• [Provided records]:

════════════════

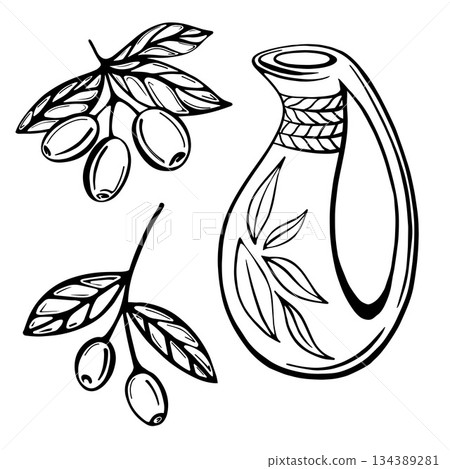 A hand-drawn set of olive branches and olive oil bottles isolated on a white background. Extra-virgin olive oil. Vintage style. Vector illustration in Doodle style A hand-drawn set of olive branches and olive oil bottles isolated on a white background. Extra-virgin olive oil. Vintage style. Vector illustration in Doodle style 134389281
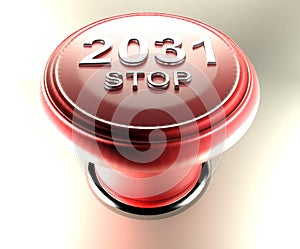 2031 STOP on red emergency push button - 3D rendering illustration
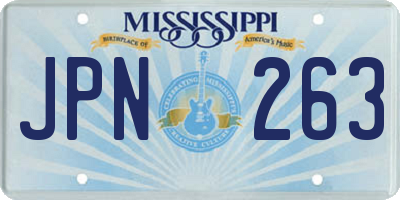 MS license plate JPN263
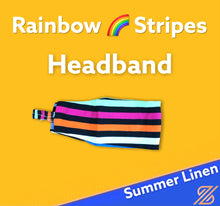 Load image into Gallery viewer, Rainbow Stripes Headband &amp; EyeMask
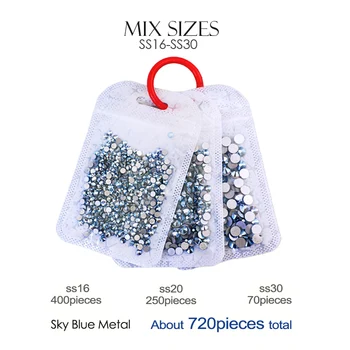 JAUNAS KRĀSAS, kas Nav Karstā Noteikt Rhinestone Debess zila, Spīdīgi brūna 3D nagu vizuļi kristāla strass stikla glitters manikīram, mākslas dekori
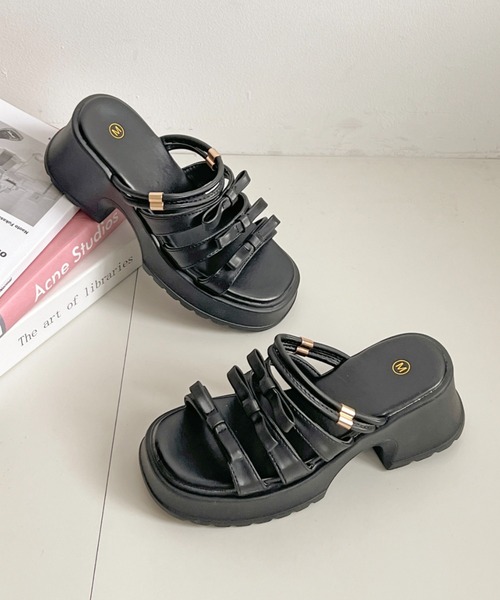 Shoes in Closet（シュークロ） サンダル 軽量厚底 2WAY 3連リボン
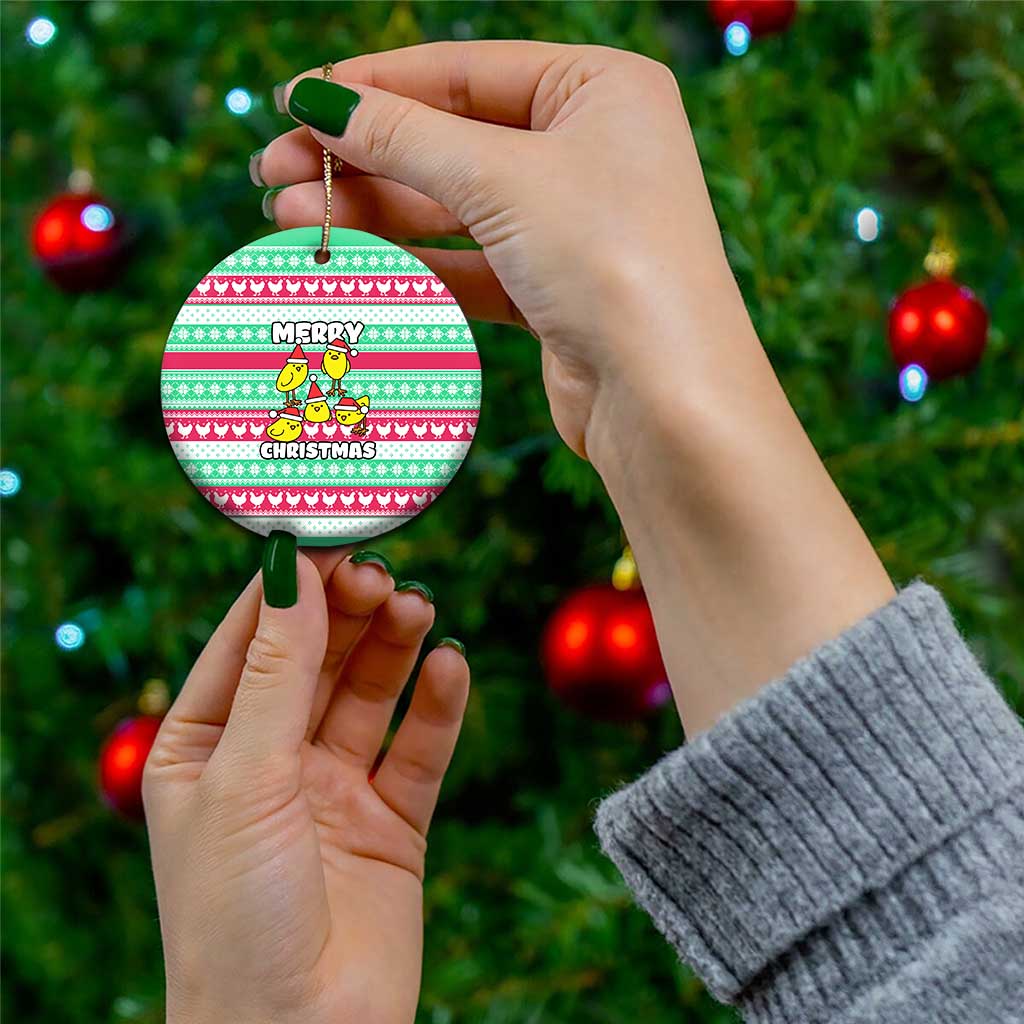 Merry Chickmas Christmas Ceramic Ornament with Yellow Cartoon Birds in Santa Hats and Red Green Snowflake Pattern - Wonder Print Shop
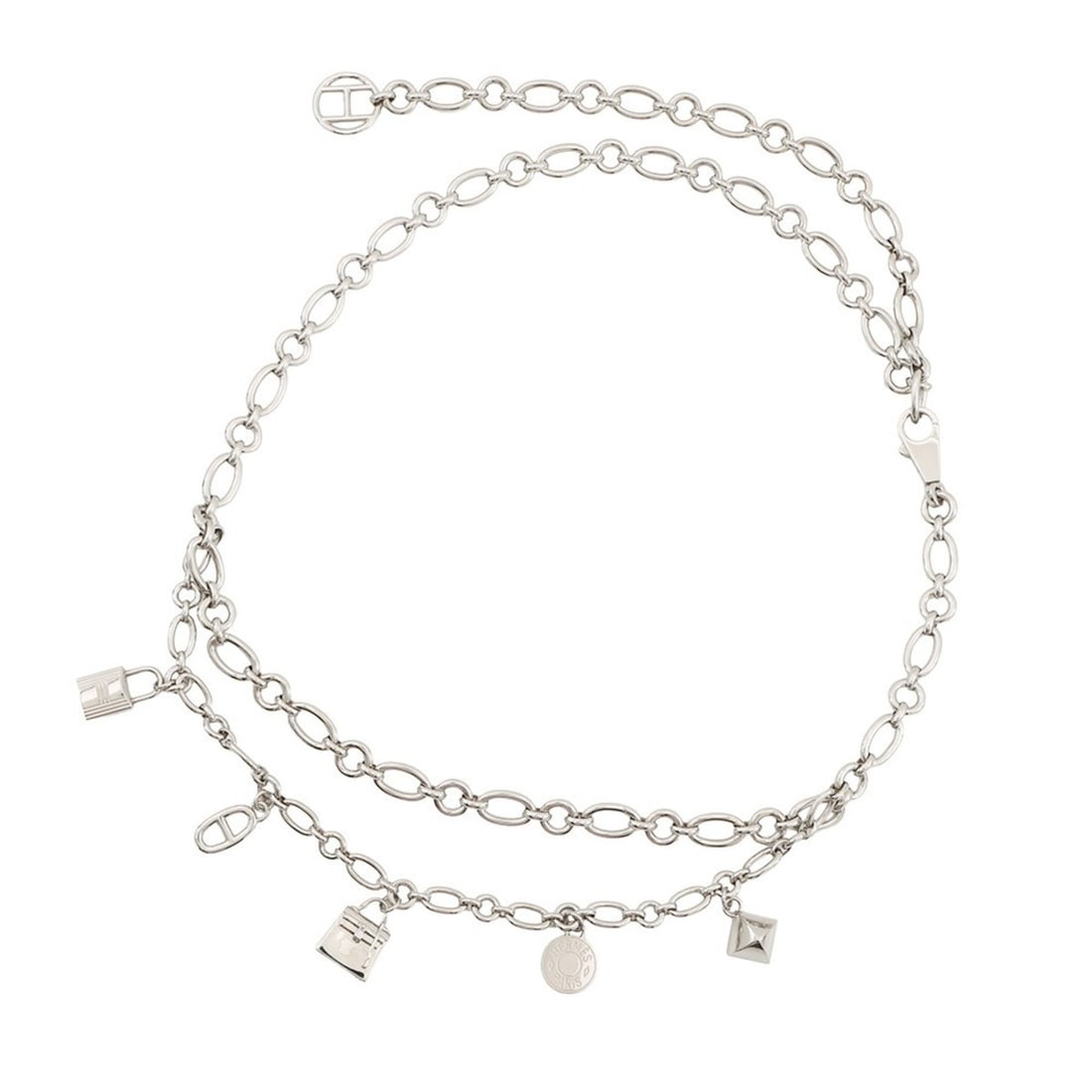 Hermes chain belt Olga Cadena Chaine d'Ancre Kelly Sellier Medor HERMES: --- Catalog ---Category: SizeWidth: 1.9cm / 0.74''Length: 105cm / 41.33''Category: DesignType: Chain beltColor: SilverGender: WomenCategory: GeneralLine: KellyBrand: HermesCountry of Origin: France---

════════════════

• [Exercise brief]:
Lines from the start of the listing above through the line holding "Shoes in Closet（シュークロ） サンダル 軽量厚底 2WAY 3連リボン" are to be duplicated exactly, and nothing more; leave out the pictures.

• [Final answer]:
 A hand-drawn set of olive branches and olive oil bottles isolated on a white background. Extra-virgin olive oil. Vintage style. Vector illustration in Doodle style A hand-drawn set of olive branches and olive oil bottles isolated on a white background. Extra-virgin olive oil. Vintage style. Vector illustration in Doodle style 134389281
 2031 STOP on red emergency push button - 3D rendering illustration
 MS license plate JPN263
 Load image into Gallery viewer, Rainbow Stripes Headband &amp; EyeMask
 JAUNAS KRĀSAS, kas Nav Karstā Noteikt Rhinestone Debess zila, Spīdīgi brūna 3D nagu vizuļi kristāla strass stikla glitters manikīram, mākslas dekori
 Shoes in Closet（シュークロ） サンダル 軽量厚底 2WAY 3連リボン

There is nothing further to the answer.